The only problem I have with modern science is, why do the same people who spend pages of fine print to prove, to the highest academic standards of precision, that every living human is a hunter-gatherer, will then, without taking a breath, claim that hunting is morally wrong?
But all people are controversial by design, not just researchers. We humans have a built-in capacity of holding to two mutually exclusive concepts at the same time. In fact, this is how our brain makes up our mind. Did you know that the typical scene from a cartoon, where a character has a devil on one shoulder and an angel on the other, each telling diametrically opposing things, is a near accurate description of what is going on inside our head each time we have to make a decision? There’s one portion of our brain that screams “Go for it!”, and another that pleads “No, please don’t!”, and whether we do or don’t depends mostly on which of them is louder – that is, emits more neurotransmitters.

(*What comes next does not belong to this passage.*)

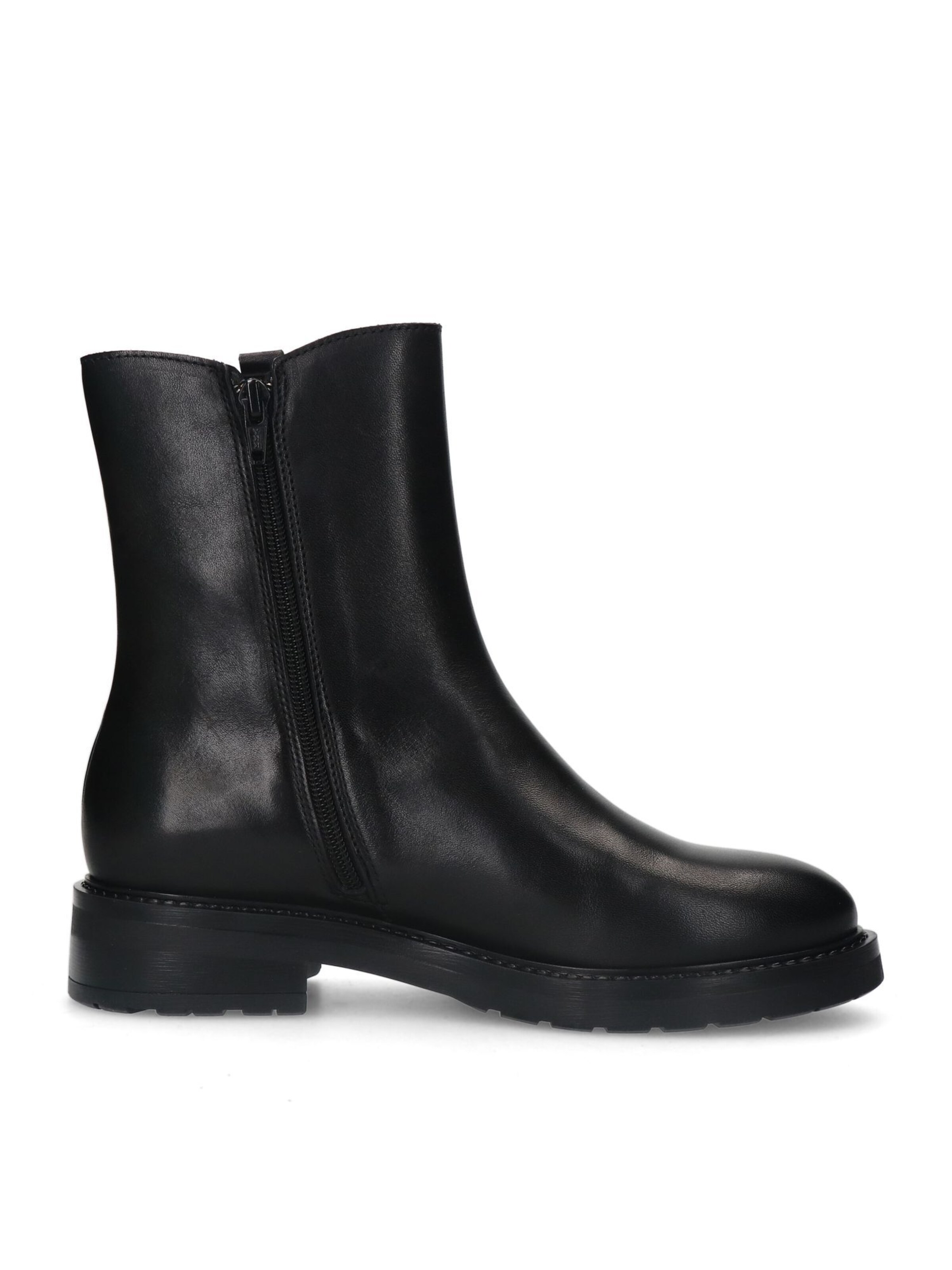 MANFIELD Stiefelette in Schwarz
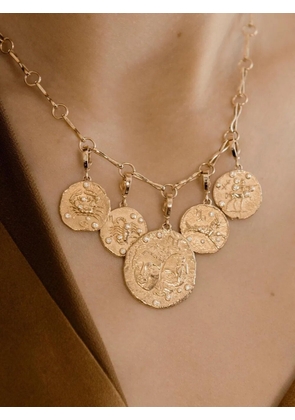 Azlee 18kt yellow gold Of The Stars Cancer pendant necklace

Hunters, as you have most likely experienced, are no exception – and it shows, among other things, in how we often can’t make up our mind where to go hunting. Many hunters claim – and not without reason – that hunting can only be truly successful if you know the terrain. That’s true, and there’s a lot of pleasure in revisiting, year after year, the old hunting grounds where you fired your first shots. Few things will give a hunter a deeper satisfaction than the moment when you are going through your sweet spot, accompanied by a novice, and suddenly tell the novice to get ready, and before he or she has time to wonder why, a covey of partridges flares up. And to the unspoken or spoken “but how did you…” you only smile – because decades ago it was you and your grandfather, that’s why. Most hunters love to come back to old, familiar proven places – if they can; with the spread of cities and constructions, that very wood or lake may no longer be accessible, and then you, much like your ancestors before you, will have to search for a new place to hunt.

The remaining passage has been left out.